WHAT YOU ARE ASKED TO DO
Within the material below, transcribe exactly the lines from the one holding "GEL-RESOLUTION X WIDE GEL-RESOLUTION X WIDE" through the one holding "Photo 46: Prairie", keeping both ends and skipping the rest.

GIVEN RECORDS
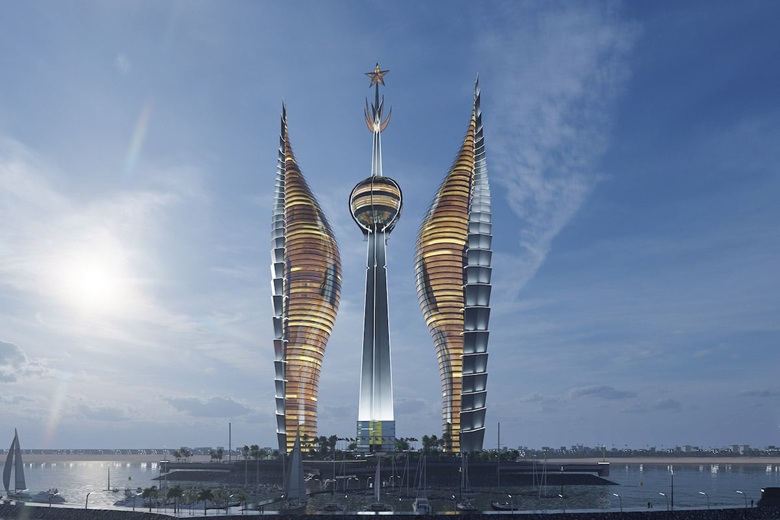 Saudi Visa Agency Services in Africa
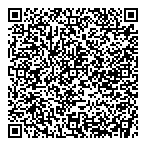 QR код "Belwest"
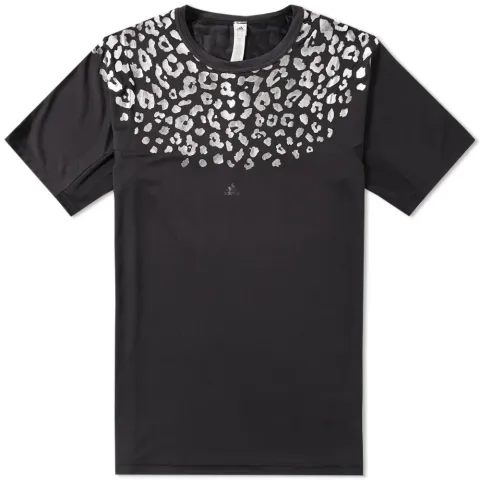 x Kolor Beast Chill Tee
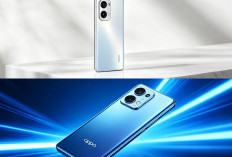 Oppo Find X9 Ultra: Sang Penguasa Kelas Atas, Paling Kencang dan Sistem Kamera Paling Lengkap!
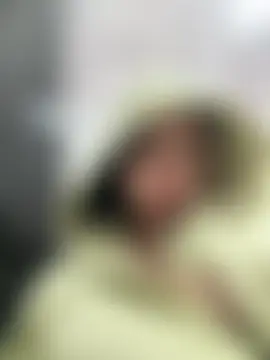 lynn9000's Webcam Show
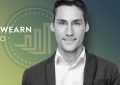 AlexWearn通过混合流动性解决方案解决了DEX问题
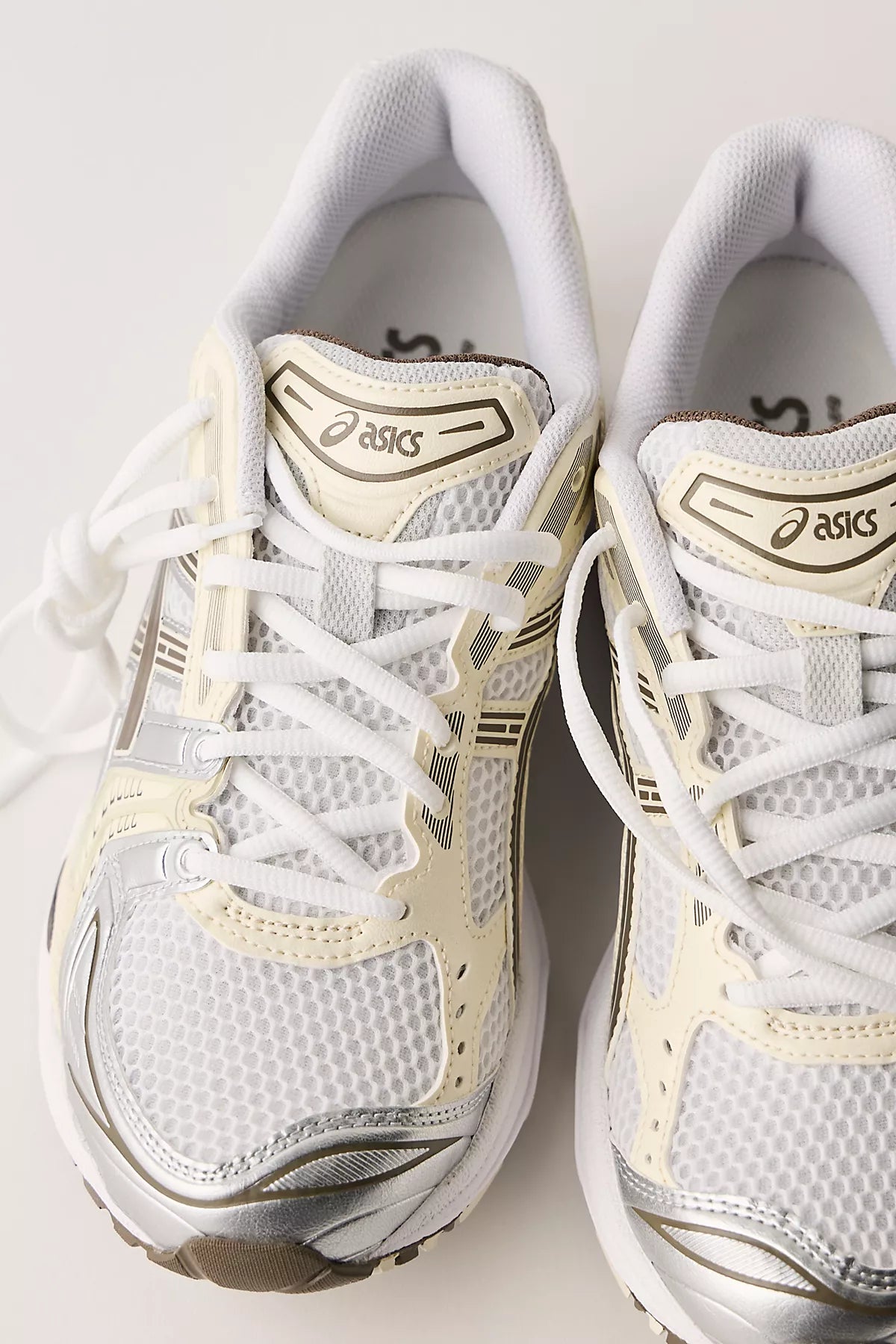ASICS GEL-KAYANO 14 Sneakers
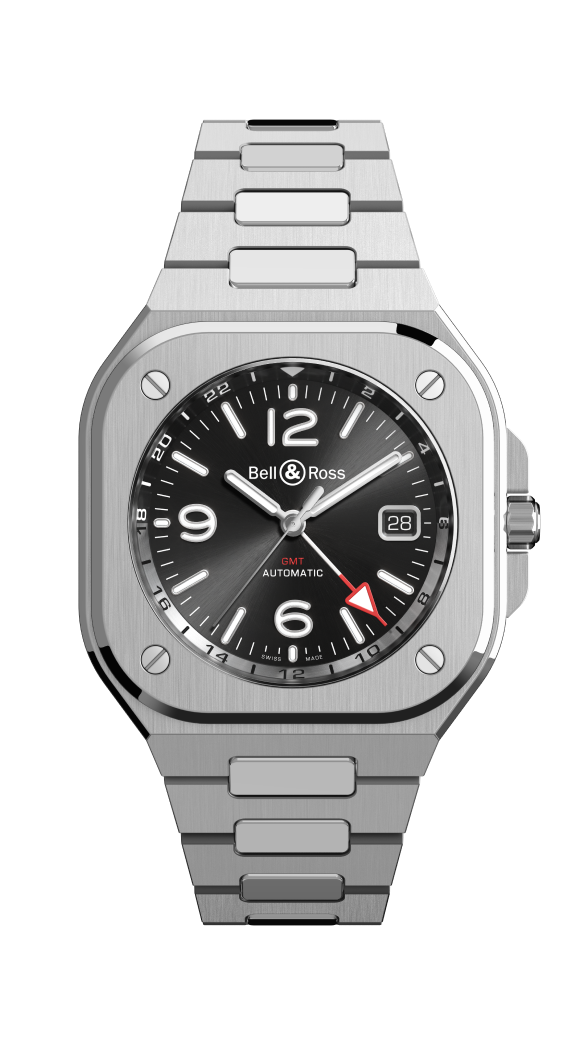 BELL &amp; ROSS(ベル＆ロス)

* * *

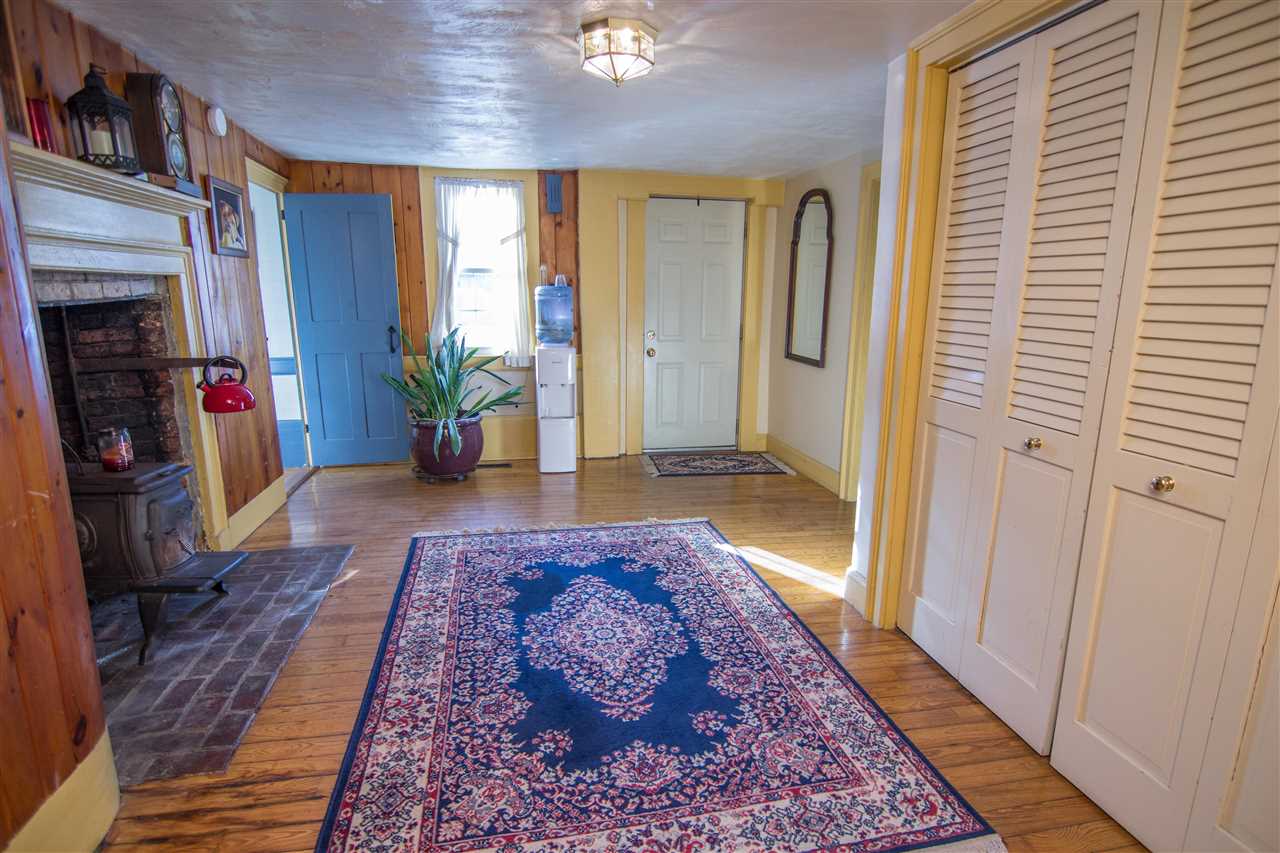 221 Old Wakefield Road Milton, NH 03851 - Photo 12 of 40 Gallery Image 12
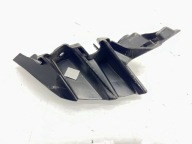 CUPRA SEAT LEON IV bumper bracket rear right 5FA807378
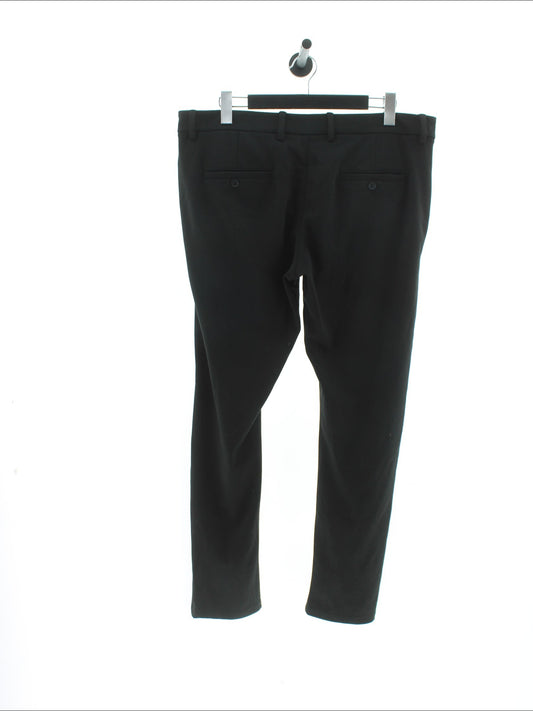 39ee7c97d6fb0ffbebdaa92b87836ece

--

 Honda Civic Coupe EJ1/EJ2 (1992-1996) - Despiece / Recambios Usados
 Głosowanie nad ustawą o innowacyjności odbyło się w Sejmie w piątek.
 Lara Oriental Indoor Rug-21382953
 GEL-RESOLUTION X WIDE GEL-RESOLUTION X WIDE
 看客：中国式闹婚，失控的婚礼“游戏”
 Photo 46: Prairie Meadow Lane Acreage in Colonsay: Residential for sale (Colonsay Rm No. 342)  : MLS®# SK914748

SOLUTION FOR THIS PROBLEM
 GEL-RESOLUTION X WIDE GEL-RESOLUTION X WIDE
 看客：中国式闹婚，失控的婚礼“游戏”
 Photo 46: Prairie Meadow Lane Acreage in Colonsay: Residential for sale (Colonsay Rm No. 342)  : MLS®# SK914748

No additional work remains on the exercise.